News: The Size of the OTC Market | End Dec 201302 June 2014 | Bill Hodgson
Rather than rewrite their paper, I've picked out summary quotes and the juicy charts, the full PDF is attached, the original source is from this BIS page on the end-2013 stats.
The BIS, in cooperation with central banks and monetary authorities worldwide, compiles and disseminates several data sets on activity in international banking and financial markets. This latest report summarises the data for the international banking and OTC derivatives markets, available up to the end of 2013.
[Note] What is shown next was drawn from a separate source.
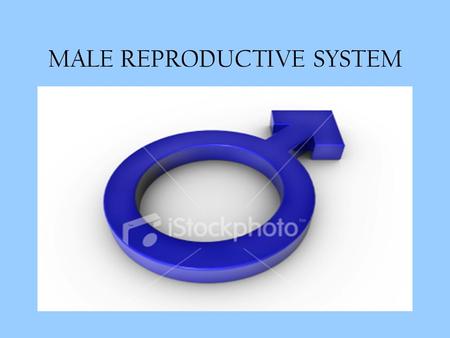 MALE REPRODUCTIVE SYSTEM. Functions: 1.Produce and maintain sperm 2.Transport sperm to the female reproductive tract 3.Secrete male hormones.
OTC derivatives markets continued to expand in the second half of 2013. Increases in notional amounts were driven by interest rate derivatives, especially contracts with a medium- to long-term maturity. In credit default swap (CDS) markets, central clearing and netting made further inroads.
Notwithstanding the increase in notional amounts, the market value of outstanding derivatives contracts declined, based on market prices at end- December 2013. The gross market value of all contracts – that is, the cost of replacing all outstanding contracts at market prices prevailing on the reporting date – stood at $19 trillion at end-December 2013. This is down from $20 trillion at end- June 2013 and $25 trillion at end-2012 (Right hand chart above).
The gross market value represents the maximum loss that market participants would incur if all counterparties failed to meet their contractual payments and the contracts could be replaced at current market prices. Market participants can reduce their exposure to counterparty credit risk through netting agreements and collateral. Gross credit exposures adjust gross market values for legally enforceable bilateral netting agreements but do not take account of collateral. Gross credit exposures equalled $3.0 trillion at end-December 2013, down from $3.8 trillion at end-June 2013 (Graph 3, right-hand panel). This represented 16.3% of gross market values at end-December 2013, slightly higher than the 2009–12 average of 15.1%.